Most of us can easily imagine this situation. You find out that a friend at church has done something that you think Christians should avoid. You’re concerned, but you’re not sure what to do. You don’t want to appear judgemental, but you also think what your friend is doing is destructive. Do you have that tough conversation?
Our sermon series in Revelation has reminded us that Jesus is concerned for the holiness of his people. The churches in Pergamum and Thyatira were warned against being tolerant of sin in their midst. Elsewhere, the Apostle Paul says Christians are to speak the truth in love to one another (Eph. 4:15). We need one another to grow into spiritual maturity.
Given tough conversations are often necessary, here are some thoughts on how to have them.

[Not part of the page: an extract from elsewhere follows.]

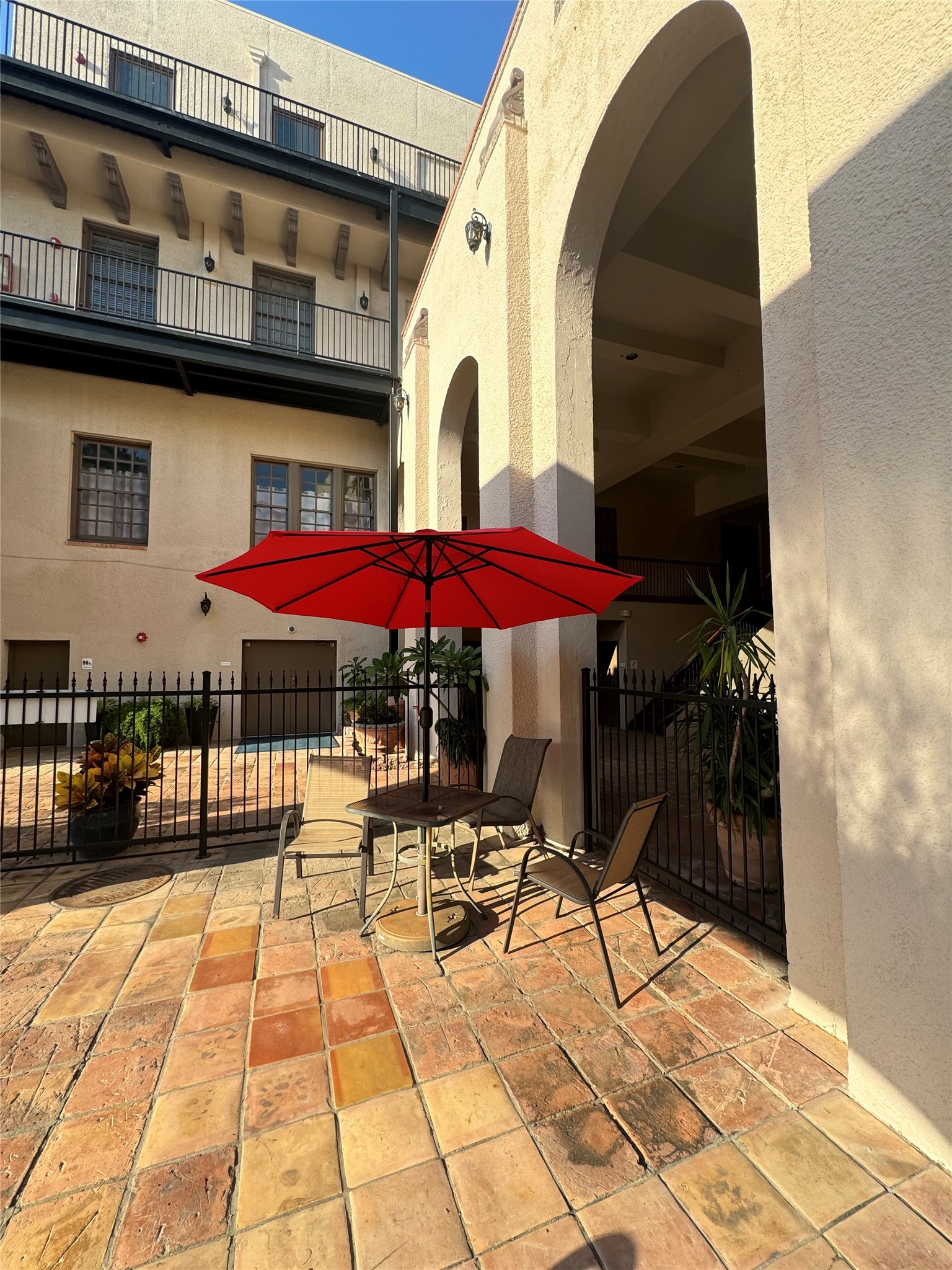 621 21st Street, #302, Galveston, TX 77550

First, check your motives. Ask yourself whether you’re being motivated by the person’s well-being. You may need to speak confidentially with someone else to check that your understanding of the situation is guided by the Bible, and to seek advice on the how you should approach the conversation. A hard conversation should never be a hasty conversation.
Second, ask God to give you wisdom and graciousness as you speak to your friend. Pray that God would give you both humility and a readiness to live under God’s truth.

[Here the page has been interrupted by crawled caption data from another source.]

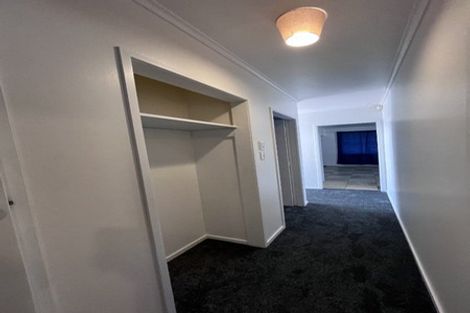 Photo of property in 79 Cobham Crescent, Kelston, Auckland, 0602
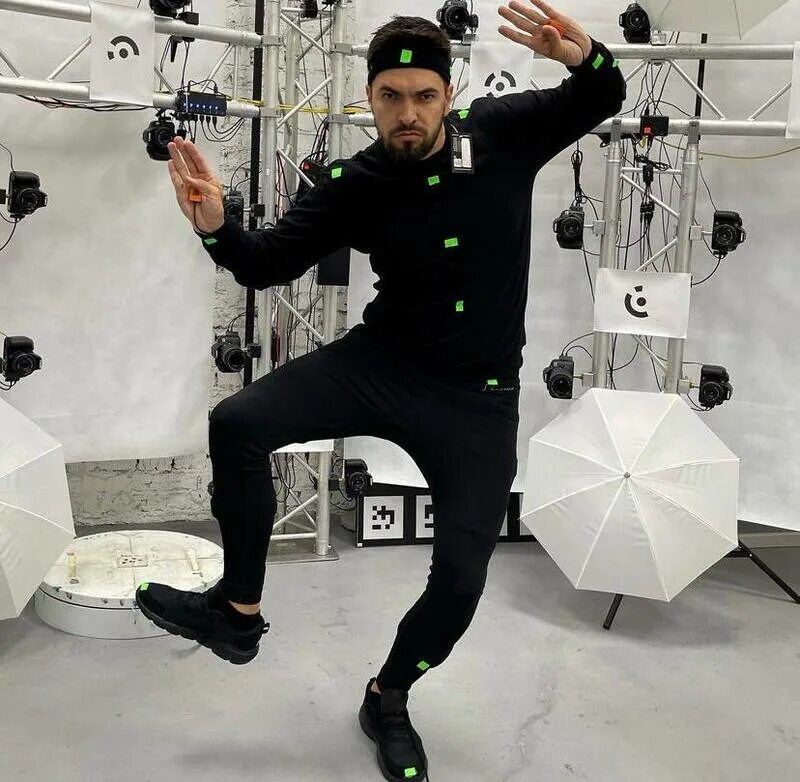 Шоу аватар на нтв 2022. Аватары шоу. Съемки шоу аватар. Ведущий шоу маска. Съемки шоу аватар.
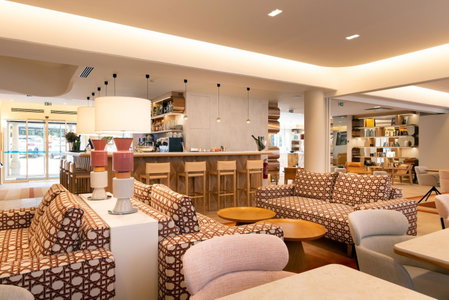Le Plessis Grand Hotel, Le Plessis-Robinson, France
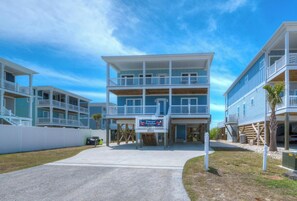 Exterior - Experience luxury at Oak Island's 5-bedroom Pincers Paradise with ocean views! (Oak Island)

Third, speak the truth in a loving way. When you tell people the truth but you’re abrasive, argumentative, cold and unloving, the other person isn’t going to listen to the truth. That person is going to harden their heart. When you speak, affirm what your friend is doing well. Use God’s word to show your concern about your friend’s actions. Ask your friend about the reasons for their actions and solutions for the way forward in walking in obedience to Jesus. It may also be an opportunity for you to acknowledge something you’ve done to contribute to the problem.

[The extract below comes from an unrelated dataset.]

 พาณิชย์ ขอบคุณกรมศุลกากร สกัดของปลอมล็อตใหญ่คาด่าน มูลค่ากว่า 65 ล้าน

Fourth, offer hope. Remind your friend that we’re all sinners saved by grace. Jesus always offers forgiveness to those who repent.
A word to those of us who are on the receiving end of one of these conversations. Yes, it’s hard, but seek to look past the hurt or offense that you may feel to find the truth in what’s being spoken to you. Growth and spiritual maturity come as we seek to submit humbly and joyfully to Jesus’ rule.